According to news reports, a meeting of the opposition party Mouvement démocratique pour la revolution de Centrafrique (MDREC), planned for 5th November 2022 to denounce the proposed amendments to the Constitution, was banned from taking place by local authorities. The latter invoked security reasons to justify the ban. Another protest against changes to the Constitution, planned for 3rd December 2022 in Bangui by the Bloc Républicain pour la Défence de la Constitution (Republican Block for the Defence of the Constitution), a coalition of opposition parties and civil society organisations, was banned by authorities, who reportedly said, in correspondence to the organisers, that the place of the meeting, the roundabout PK0 in the city centre “is not a place of meeting”.
A previous protest, organised on 27th August 2022 by the Bloc Républicain pour la Défense de la Constitution was authorised by the Minister of Security, although authorities reportedly refused to provide security for the meeting. That day, hundreds of people gathered in Bangui to protest.
Several protests supporting the modification of the Constitution took place in Bangui and other localities in the CAR, with no obstacles reported.
On 8th September 2022, hundreds of people gathered in front of the Constitutional Court in Bangui, at the call of the platform Galaxie nationale, close to the ruling power, demanding the dismissal of the president and other judges of the Constitutional Court, who were to render a decision on the constitutionality of a government decree forming a committee in charge of drafting the new Constitution. Those gathered were reportedly quickly dispersed by police officers. Following the decision by the Constitutional Court invalidating the said government decree, on 22nd September 2022, hundreds gathered briefly at the Constitutional Court. The following day, on 23rd September 2022, gendarmes, police officers and soldiers of the UN peacekeeping force MINUSCA, were deployed in the Court’s precinct, allowing only journalists and lawyers to enter the premises.

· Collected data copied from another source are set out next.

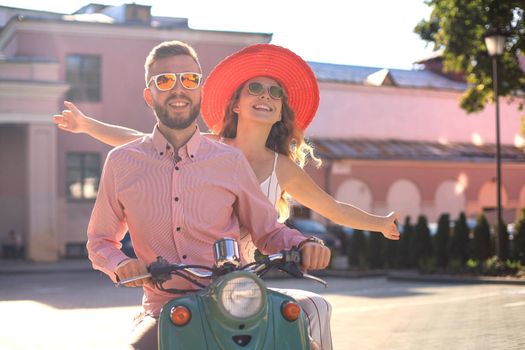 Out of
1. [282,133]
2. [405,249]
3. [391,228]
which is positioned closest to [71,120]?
[282,133]

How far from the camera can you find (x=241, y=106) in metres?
5.91

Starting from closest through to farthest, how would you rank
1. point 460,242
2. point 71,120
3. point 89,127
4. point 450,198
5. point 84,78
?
point 71,120 → point 89,127 → point 460,242 → point 84,78 → point 450,198

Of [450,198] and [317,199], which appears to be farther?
[450,198]

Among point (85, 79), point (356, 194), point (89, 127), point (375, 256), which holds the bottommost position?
point (375, 256)

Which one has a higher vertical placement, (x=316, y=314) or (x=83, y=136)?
(x=83, y=136)

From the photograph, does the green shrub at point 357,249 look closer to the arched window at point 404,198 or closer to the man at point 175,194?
the arched window at point 404,198

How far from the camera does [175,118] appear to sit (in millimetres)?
4383

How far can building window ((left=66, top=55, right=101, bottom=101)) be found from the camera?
39312 mm

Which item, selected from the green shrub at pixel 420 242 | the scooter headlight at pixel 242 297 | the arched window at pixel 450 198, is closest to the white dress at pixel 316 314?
the scooter headlight at pixel 242 297

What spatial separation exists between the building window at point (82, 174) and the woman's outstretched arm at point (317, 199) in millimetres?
33735

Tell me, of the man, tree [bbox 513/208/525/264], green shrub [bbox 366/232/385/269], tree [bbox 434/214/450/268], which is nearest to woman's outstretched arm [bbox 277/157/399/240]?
the man

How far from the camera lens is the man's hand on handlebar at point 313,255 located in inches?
152

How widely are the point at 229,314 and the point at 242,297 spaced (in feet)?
0.23

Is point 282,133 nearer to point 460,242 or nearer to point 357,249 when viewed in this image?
point 460,242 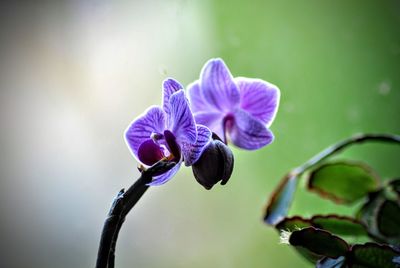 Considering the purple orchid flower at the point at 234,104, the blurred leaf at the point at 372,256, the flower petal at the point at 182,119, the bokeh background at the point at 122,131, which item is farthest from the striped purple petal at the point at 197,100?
the bokeh background at the point at 122,131

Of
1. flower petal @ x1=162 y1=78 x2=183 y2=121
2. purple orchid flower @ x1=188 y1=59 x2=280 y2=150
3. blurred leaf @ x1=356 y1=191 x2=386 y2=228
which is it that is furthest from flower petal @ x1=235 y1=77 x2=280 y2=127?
blurred leaf @ x1=356 y1=191 x2=386 y2=228

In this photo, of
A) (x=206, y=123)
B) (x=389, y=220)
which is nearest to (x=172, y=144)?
(x=206, y=123)

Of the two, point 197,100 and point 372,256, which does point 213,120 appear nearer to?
point 197,100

Communiqué de presse OCHA : Une recrudescence d’attaques contre les humanitaires menace l’assistance aux populations vulnérables pic.twitter.com/8aLRhLSUXw
— OCHA CAR (@OCHA_CAR) June 1, 2022
Association
UN: resurgence of attacks against humanitarian workers
On 1st June 2022, the United Nations Office for the Coordination of Humanitarian Affairs (UN OCHA) expressed its concern about a recent resurgence of attacks against humanitarian workers in CAR. At least 69 security incidents involving humanitarians occurred between January and May 2022. In May 2022, two humanitarian organisations – Intersos and Doctors of the World – suspended their activities in northeastern CAR following attacks, affecting the organisations’ beneficiaries. On 28th May 2022, a staff member of Médecins Sans Frontières (MSF) was shot and killed by CAR armed forces in Moyenne-Sido, near the border with Chad.